Expert’s Name: Gail Edgell

Osteoporosis, a degenerative decease which weakens bone structure, is a majorcause for concern among menopausal women. In fact, this silent malady has a number of risk factors, among them, age and gender. Menopausal women have an increased risk of Osteoporosis at this point in their lives when their bodies are undergoing such a drastic change. While bone loss is not completely reversible, there are things that women can do to prevent further bone loss if it is caught early enough. With a proper regiment of exercise, calcium replacement, and, in severe cases, medication, menopausal women can look forward to their formative years without fear of constant fracture.

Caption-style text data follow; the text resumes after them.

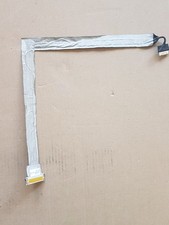 Acer Aspire ZC-700 700G Screen LVDS LED Video screen Cable 1422-021X0PB
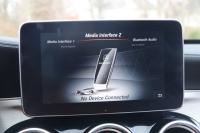 Used 2018 Mercedes-Benz C63 S AMG RWD W/NAV AMG C63 S SEDAN for sale Sold at Auto Collection in Murfreesboro TN 37129 73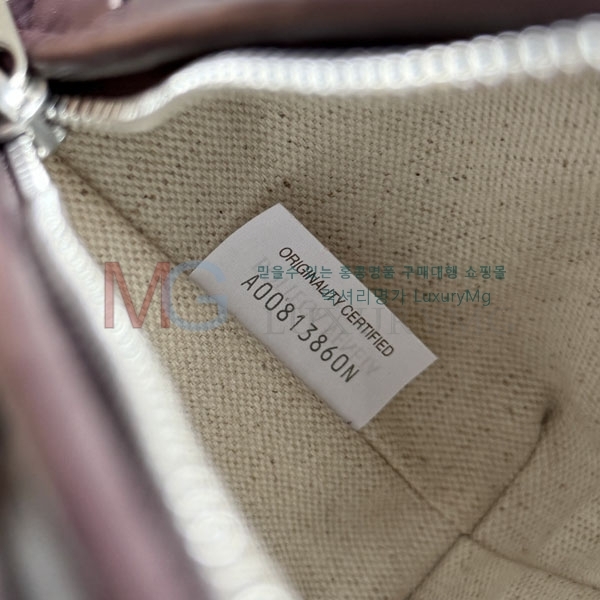 ���װ�����Ÿ �޴��� �Ŀ�ġ 844018-1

Exercise, the Skeleton in the Closet

It’s no secret that many menopausal women today don’t get enough exercise. This is true of all Americans, but what many people don’t realize, is that proper exercise can reduce and even offset the effects of osteoporosis. For women entering menopause this information can be very beneficial. The following exercises are designed to help prevent, and treat, osteoporosis.

  • Weight Bearing Cardio – This type of exercise relies on the pull of gravity and the skeletal structure’s upright posture against this force. Activities such as walking, jogging, stair climbing, and dancing are all excellent example of weight bearing cardio exercises that can help prevent osteoporosis.
  • Strength Training – Also know as weight lifting, or resistance training, this type of exercise has recently been found to strengthen the skeletal structure by utilizing the body’s muscles to pull against its bones. It is important to note that the benefits of strength training are site specific, meaning that one must work all the muscle groups in the body to reap the full benefits. Areas prone to fracture, wrists, hips, and spine, should have special attention paid to them. The most effect method of strength training for bone strength is to use the weight that is right for the individual. One should find that last few reps to be difficult, but form should not be sacrificed for weight. Try squats, bench press, and pushups for strength training.
  • Balance Exercise – While balance exercises aren’t designed to prevent bone loss per say, the benefit of this work out is in its ability to help prevent falls, which lead to fractures. Strengthening the muscles in the legs and feet will help promote overall stability. A few examples of effective balance training exercises are: side leg rise, hip flexion, hip extension, and knee flexion.

Underneath it All, a Lasting Relationship with Your Bones

The increased risk of osteoporosis for menopausal women can seem overwhelming. Add in the fact that there are no major symptoms until a break or facture occurs, and it can seem intimidating. By taking action early, however, women can overcome the potential de-habilitating effect of osteoporosis with a proper regimen of exercise.